*** Block opens ***

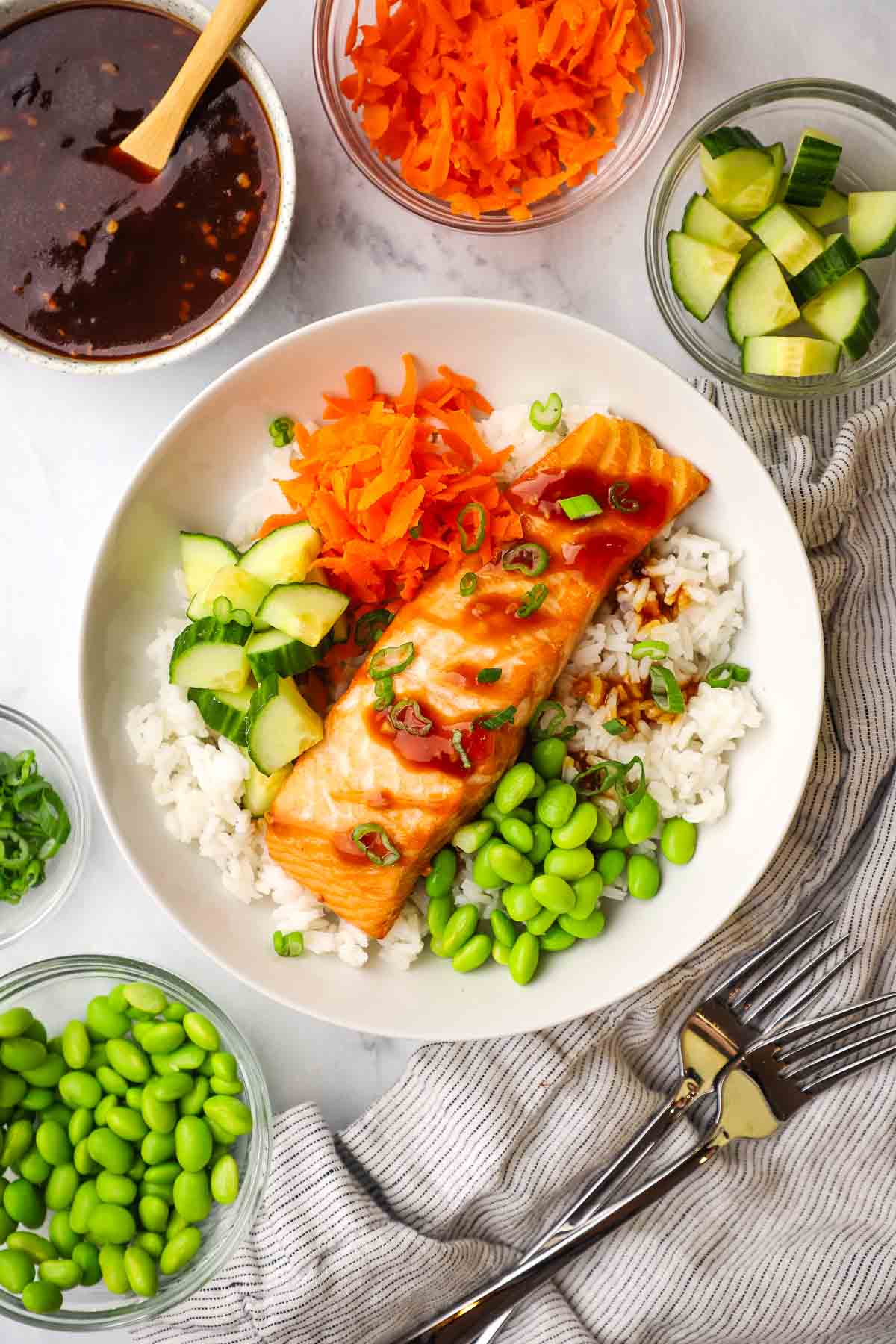 A salmon filet over rice with edamame, carrots, and cucumbers.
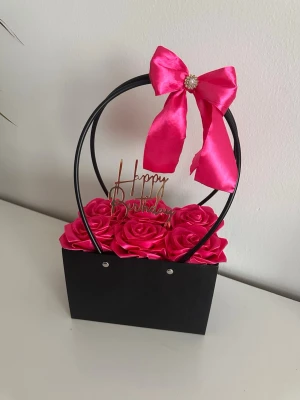 Svart dekorväska med rosa rosetter - En svart dekorativ väska med rundade handtag och en stor rosa rosett upptill. Väskan är fylld med konstgjorda rosa rosor och har en 'Happy Birthday'-skylt i guld. Perfekt som present eller dekoration.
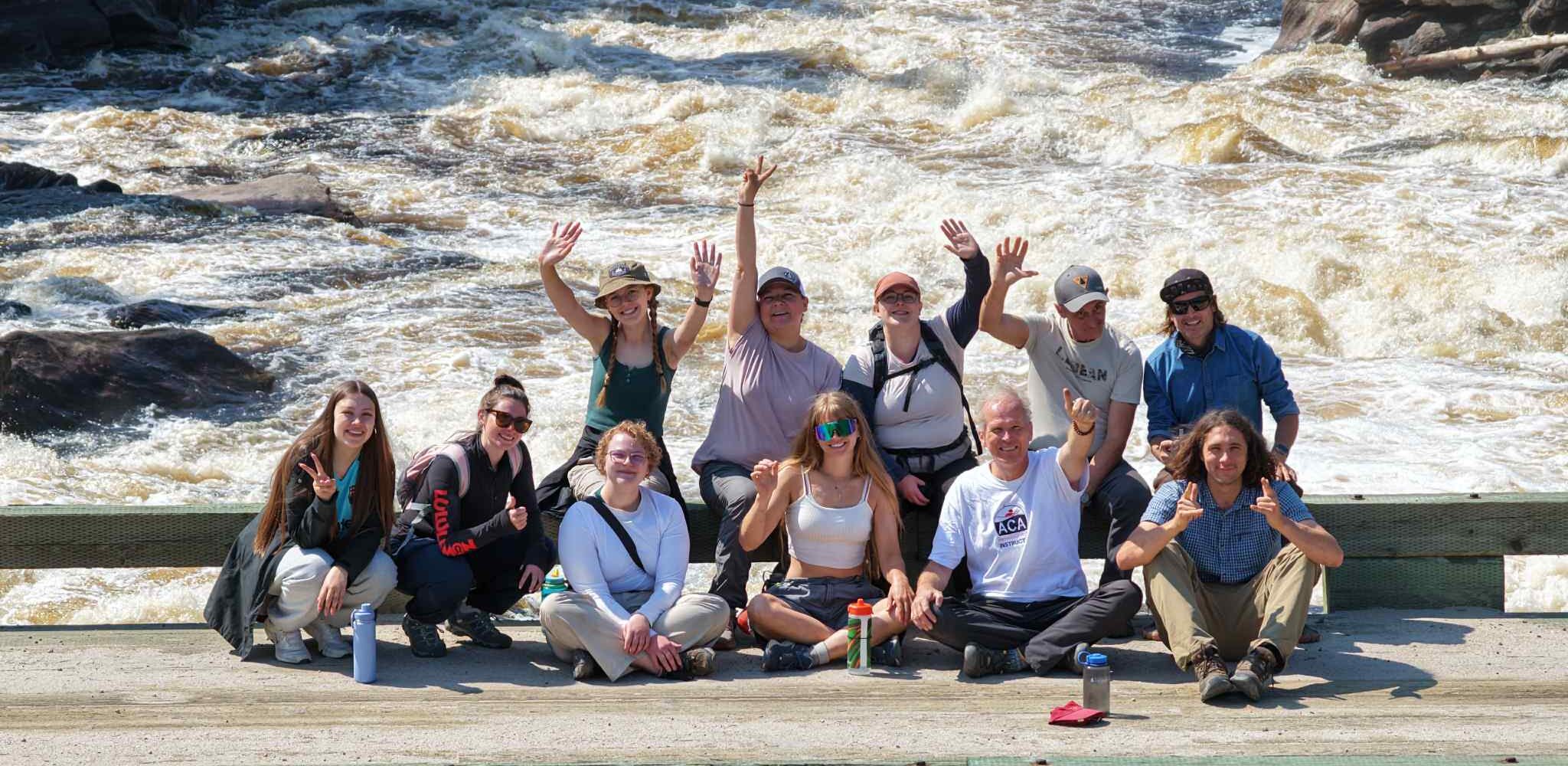 A group of youth and CPAWS staff pose for a photo standing on a bridge overlooking turbulent rapids below.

*** Block closes ***

◆ Aim of the task
Reprint the listing above verbatim but drop the images.

◆ Answer below
 A salmon filet over rice with edamame, carrots, and cucumbers.
 Svart dekorväska med rosa rosetter - En svart dekorativ väska med rundade handtag och en stor rosa rosett upptill. Väskan är fylld med konstgjorda rosa rosor och har en 'Happy Birthday'-skylt i guld. Perfekt som present eller dekoration.
 A group of youth and CPAWS staff pose for a photo standing on a bridge overlooking turbulent rapids below.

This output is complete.